My Plan to Recover from HCU & Google’s March Core Update (Case Study: Part 1)

Just like it happened to many independent website publishers out there, most of my websites have been affected either by Google’s Helpful Content Update from September 2023, or the March Core Update in 2024 (sometimes both).

Today, I want to start the first case study trip on this blog in what I hope to be a successful recovery of one of my main websites, which was affected both by the Google HCU, as well as the latest Core Update. And it was hit badly:

Search Console Traffic Drop after Google Update

As you can see, my blog dropped from a peak of 12,500 clicks before the Helpful Content Update, to some 4,000 over night, then it kept dripping down to around 2,500 before being hammered hard by the 2024 March Core Update, when the Google search traffic has dropped to around 400 per day.

Things to know about the site I’m planning to recover

The website in question is one with medium-low authority (DR of around 30), but one that has been around for several years in a hobby niche, and it grew nicely until September 2023.

The content here was almost exclusively informational, providing mainly guides to very specific queries, but also more generic guides, question and answer articles and some top/best of lists (with NO affiliate links though).

Yes, it’s not really the solid type of website that seems to be SGE-proof, but this particular hobby actually has tons of very specific questions that can be addressed and it’s in an ever-changing niche, so this was the right approach.

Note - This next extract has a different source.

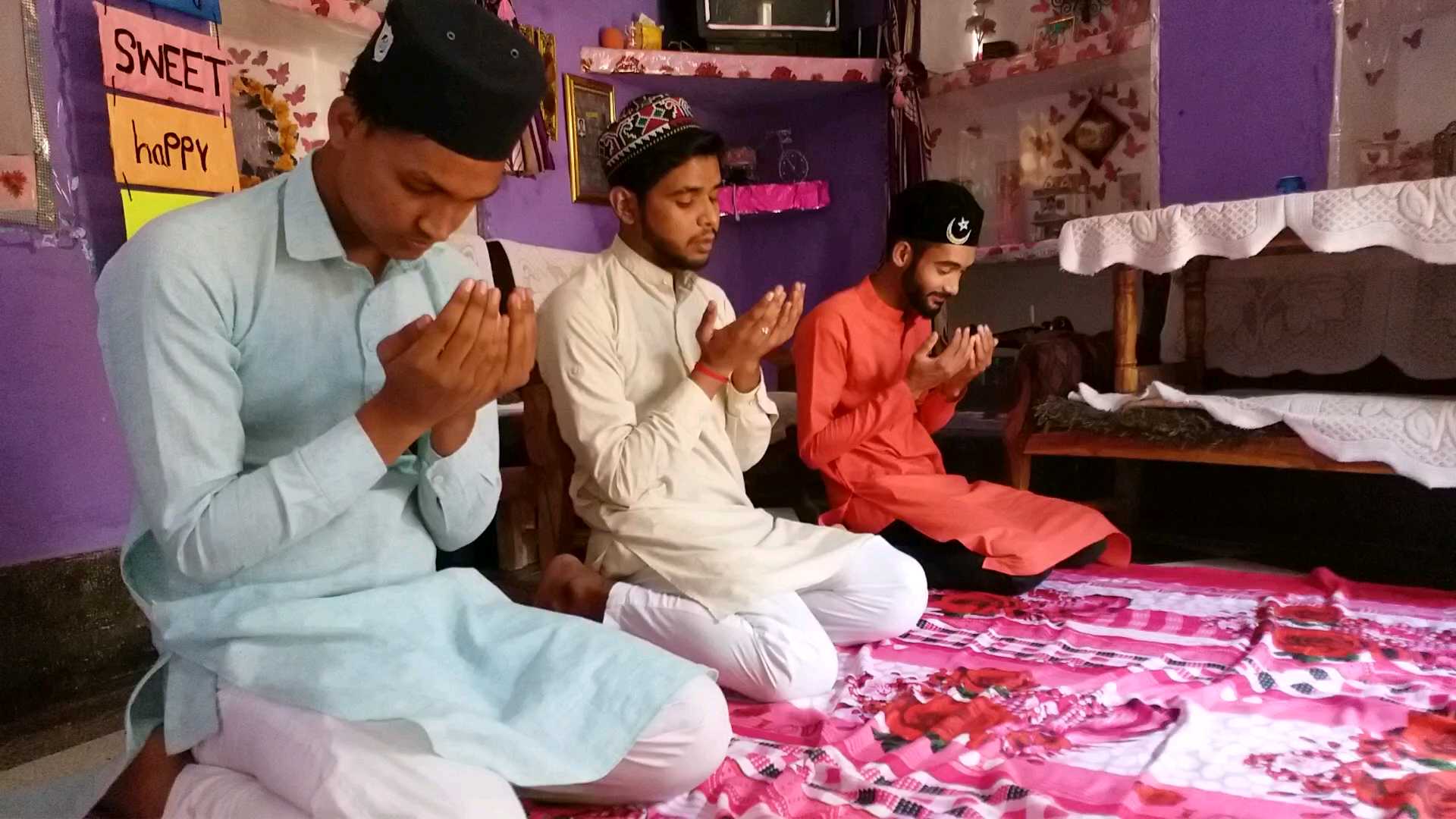 Youth praying on Eid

There are still many websites that do exactly this and are doing really well.

Of course, before getting hammered hard by the latest core and/or spam update, I did all the “right” things that the gurus and SEO experts recommended:

  • improved EEAT signals (author boxes to show their experience and expertise, links to social profiles, started posting on social media, added new pages like Editorial Policy, improved the About Us page, added address and contact information with real life address and so on: basically, everything others kept recommended)
  • re-designed the home page (from the traditional blog list on the homepage)
  • deleted plenty of outdated content and edited some on the site
  • started writing answer-first type of articles, removed fluff, getting straight to the point
  • zero AI was used in the articles (with the exception of a few meta descriptions that were generated by AI, but they represent 1% of the total articles).
  • reduced the amount of ads shown on the website for better UI

Despite making all the changes and actually being naive enough to be hyped about the upcoming Google Core Update that would bring back the lost traffic… my website was hit again. Nothing that I did seems to have had a positive impact: on the contrary! Things are worse than ever.

My plan for recovery

After analyzing my website and comparing it with the ones that are still standing (or those that have taken over the SERPS), I have discovered some really interesting things, all related to how their content is produced.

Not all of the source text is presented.